[Your assignment]:
Nothing but the lines from the one containing "Tropical Fishes Meet" through the last line of the data below should be returned, each exactly as it stands, pictures excluded.
#### Provided material ####
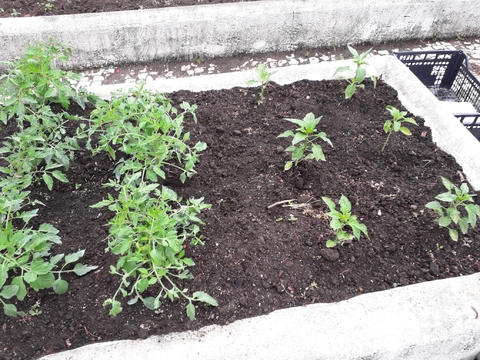 Pimentos e tomates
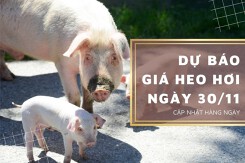 Dự báo giá heo hơi ngày 30/11: Đà giảm vẫn tiếp tục kéo dài?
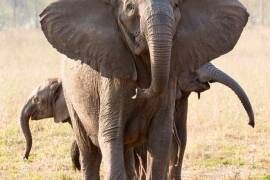 Esta foto sin fecha facilitada por ElephantVoices en octubre de 2021 muestra a una elefanta sin colmillos con sus dos crías en el Parque Nacional de Gorongosa, en Mozambique. AP/ElephantVoices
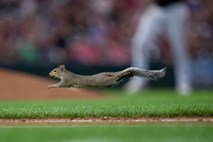 #video Veverica popestrila bejzbolsko tekmo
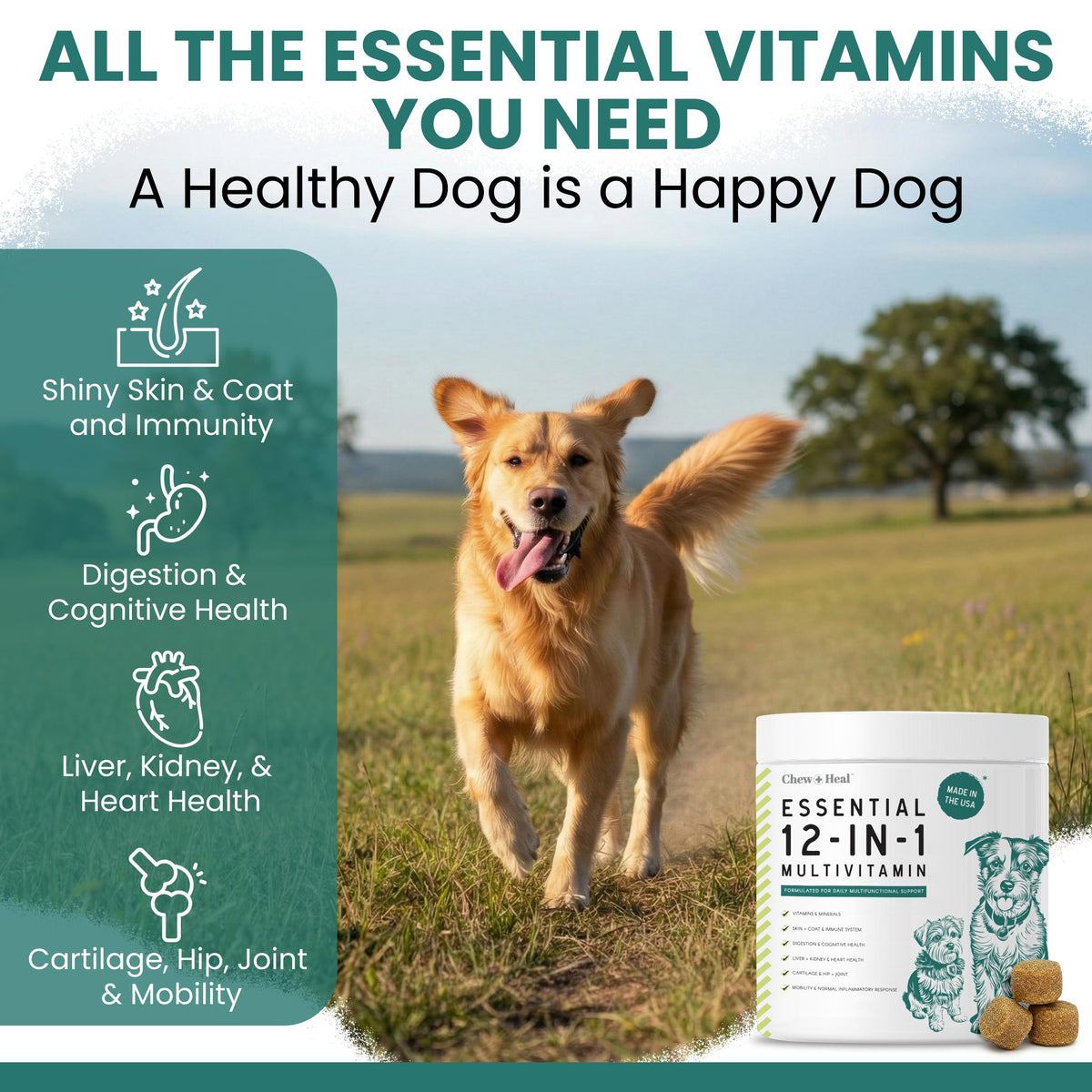 Dog Vitamin and Supplement Chews, 120 Ct W7609
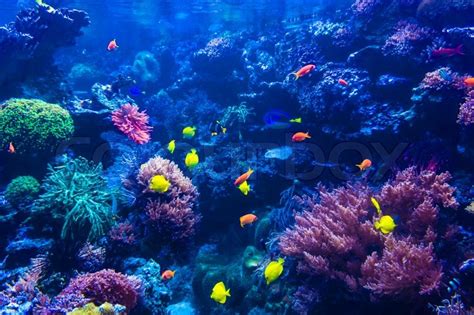Tropical Fishes Meet In Blue Coral Reef Sea Water Aquarium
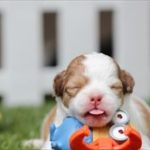犬はとうもろこしを食べられる?アレルギーや嘔吐は量に気をつければ!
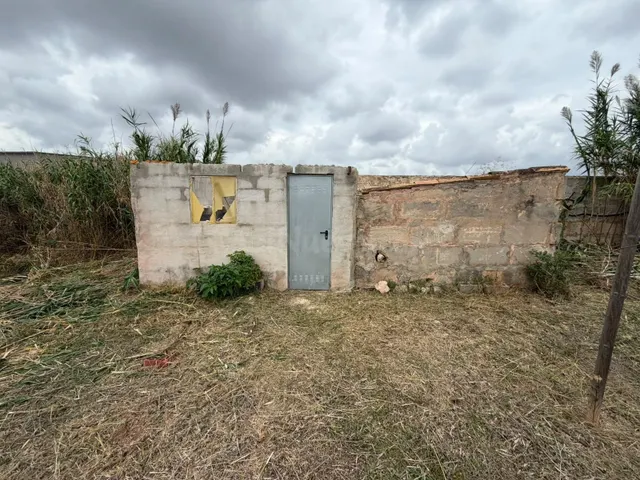 Parcela Rustica en Son Bonet. - foto 5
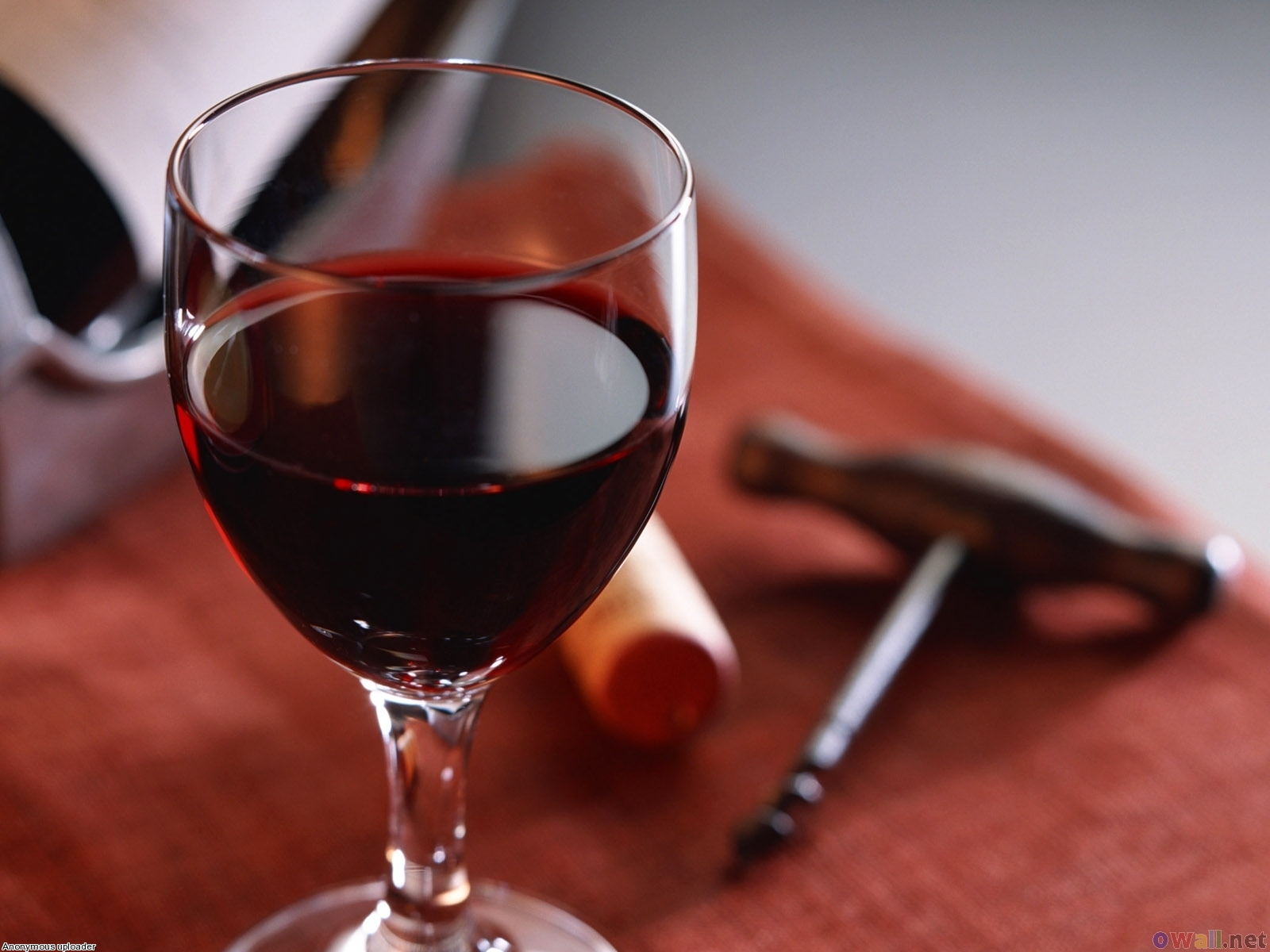 Article 5 Great Red Wines for the Winter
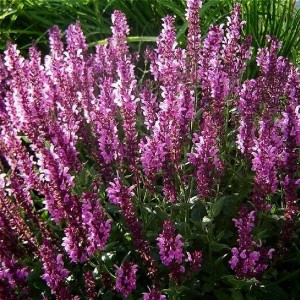 Саженец шалфея дубравного Пинк Фрисланд (Pink Field)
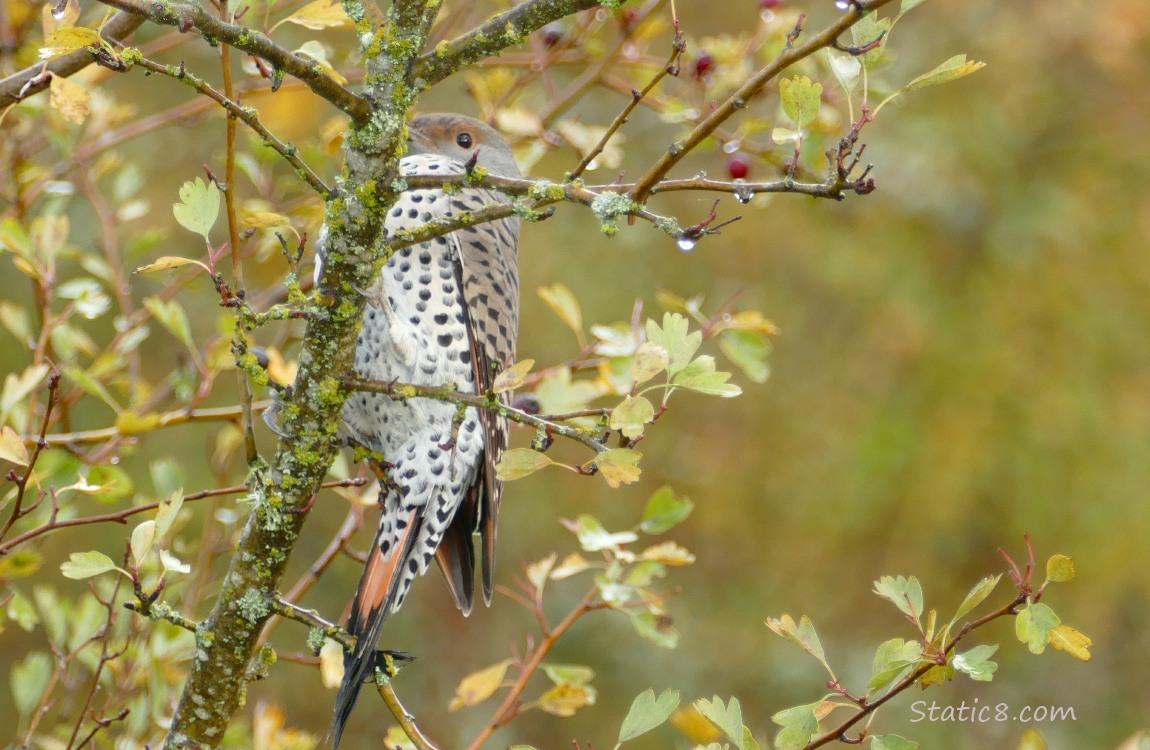 Flicker standing on the side of a branch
####
[Final answer]:
Tropical Fishes Meet In Blue Coral Reef Sea Water Aquarium
犬はとうもろこしを食べられる?アレルギーや嘔吐は量に気をつければ!
 Parcela Rustica en Son Bonet. - foto 5
 Article 5 Great Red Wines for the Winter
 Саженец шалфея дубравного Пинк Фрисланд (Pink Field)
 Flicker standing on the side of a branch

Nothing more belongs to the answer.